What does the new AI Assistant actually do?

Tracktion shipped Waveform 14 on 27 June, and the headline is the assistant baked into the workflow rather than bolted on as a web app. It does three concrete things. It answers how-do-I questions using the program manual, so the help is about the software in front of you, not generic forum lore. It generates fresh MIDI sequences on request. And it reads the MIDI clips already in your session and proposes complementary parts, a counter-melody under a lead, a bassline that tracks your chords. The rest of the release is solid working-DAW news: a cleaner interface, multi-channel surround routing past the old stereo limit, fuller ARA2 support, DAWproject import and export, and the plugin slot limit lifted to 25.
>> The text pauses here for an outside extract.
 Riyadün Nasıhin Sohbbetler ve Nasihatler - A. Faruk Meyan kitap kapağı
What is the pay-per-use catch?

This is the part worth reading twice. There is no monthly AI subscription. Instead you connect the large language model of your choice and pay per use, billed for what you actually generate. That is a genuinely different deal from the all-you-can-prompt monthly fees creeping into other tools, and it cuts both ways. Light users pay almost nothing. Anyone leaning on the assistant for hours of generation will watch a meter run. Crucially the same assistant is in Waveform Free, so the cheapest serious DAW on the market now ships with an AI co-pilot, not a paywalled teaser.
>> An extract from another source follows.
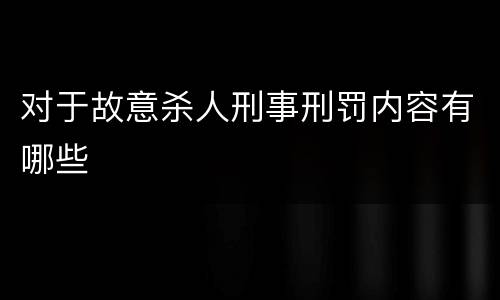对于故意杀人刑事刑罚内容有哪些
An AI helper you pay for by the prompt, sitting inside a DAW that itself costs nothing, is a very different bargain from a flat monthly AI tax.

Should producers care?

If you have been waiting to see how AI lands in the studio without a subscription leash, this is the clearest test yet. The manual-aware answers alone are useful, the kind of thing that saves the twentieth trip to a forum. The MIDI generation is where taste splits: some will treat it as a sketching partner, others will keep the machine well away from the writing. Either way, putting it in the free tier means a lot of people are about to find out which camp they are in.